The ubiquitous presence of Cisco network technologies readily positions it as the industry standard for data security, as well. Because Cisco is so prevalent in the network architecture it is uniquely positioned to apply security standards and policies not as a component of the network, but as the network as a whole. When we begin to think of data security not as a service running on the network but as a function of the network itself we begin to see the potential the network offers as a broad and highly effective security solution.

The complexity and inconsistency of multi-vendor and multi-technology security standards hinder the ability of security architectures to protect the information resources of the organization. Trying to deploy a variety of individual security products and devices can introduce gaps in security coverage and potential vulnerability, even in the most secure network environments. However, having the seamless functionality and integration of a network architecture as the underlying platform for a security architecture provides greater risk reduction than any individual product or combination of security products, regardless of features or performance. Organizations want to align security policy to their business requirements, while at the same time having the flexibility to adapt easily as changing demands in the marketplace. Since a good enterprise network design must be flexible and adaptable to changing business requirements, it stands to reason that a security architecture based on such a network design will itself be flexible and adaptable.

By positioning the network architecture as an underlying standard for the security architecture we gain a security solution that has many immediate benefits, including:

  • An omnipresent view of and the capability to deploy security policy to any point in the network environment
  • Capability to detect and react to suspect traffic at any point in the network environment, as opposed to only those points where a firewall, IDS/IPS, or packet filter are in place
  • Capability for the network environment as a whole to react to a security event, as opposed to only a single security point in the network reacting to the event
  • Greater level of interoperability between network and security solutions
  • Greater level of flexibility and ease of deployment in both network and security architectures

Simplifying the network environment with a tight integration of network and security architectures result in a security solution that is more effective and robust, yet easier to deploy and manage. Additionally, such a design provides a solid foundation upon which to build advanced security services and capabilities while protecting the existing investment in network components.

The Cisco approach to integrating security with the network architecture is billed as the Cisco Self-Defending Network. This approach to security was designed by Cisco and provides a method of integrating security into the network, throughout the infrastructure and deployed to protect each endpoint. This systems approach to information security is made possible by integrating security with every element of the network, turning each into a point of defense.

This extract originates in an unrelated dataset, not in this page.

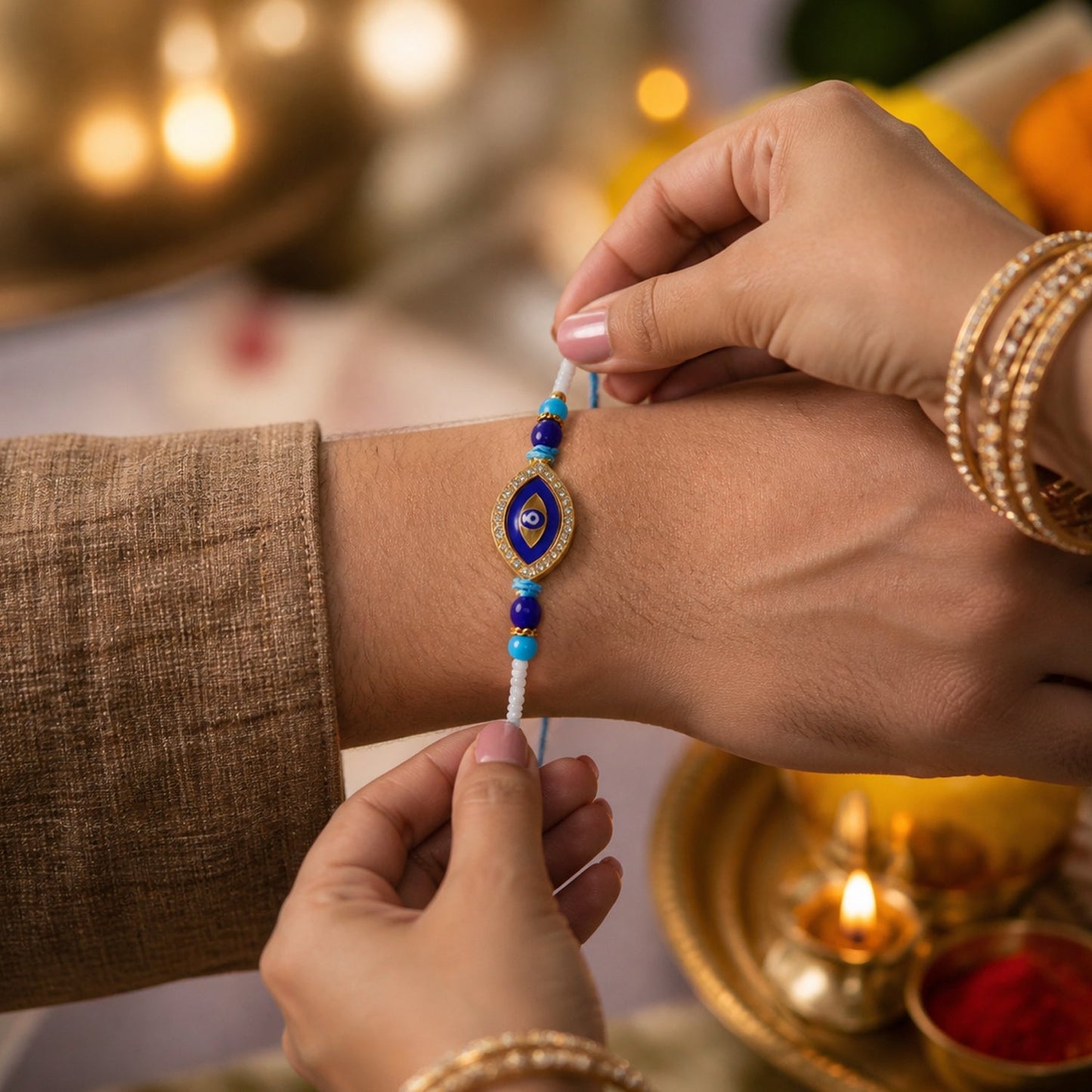 Stylish Rakhi with decorative beads and vibrant colors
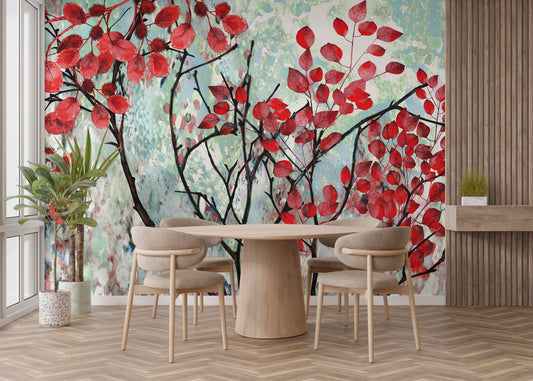 Red autumn leaf wallpaper in a bright room with a round dining table.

Cisco provides a powerful suite of security products as part of the Self Defending Network concept. These products include market-leading firewall, virtual private networking (VPN), network access control and intrusion prevention system (IPS) technologies. These Cisco security platforms and technologies enable organizations to design, implement, operate, and optimize secure networks that are resilient and reliable while at the same time aligning technology budget dollars with business direction and strategy.

While the Self-Defending Network strategy was initially built upon a foundation of key network security technologies such firewall, VPN, and IPS, as security risks continued to evolve so to did the Self-Defending Network. Today the Cisco Self-Defending Network includes industry-leading network and endpoint threat defenses incorporating application security, content security, policy enforcement, identity management, and security monitoring technologies. By integrating such capabilities with the base network architecture Cisco provides a comprehensive and flexible enterprise security solution.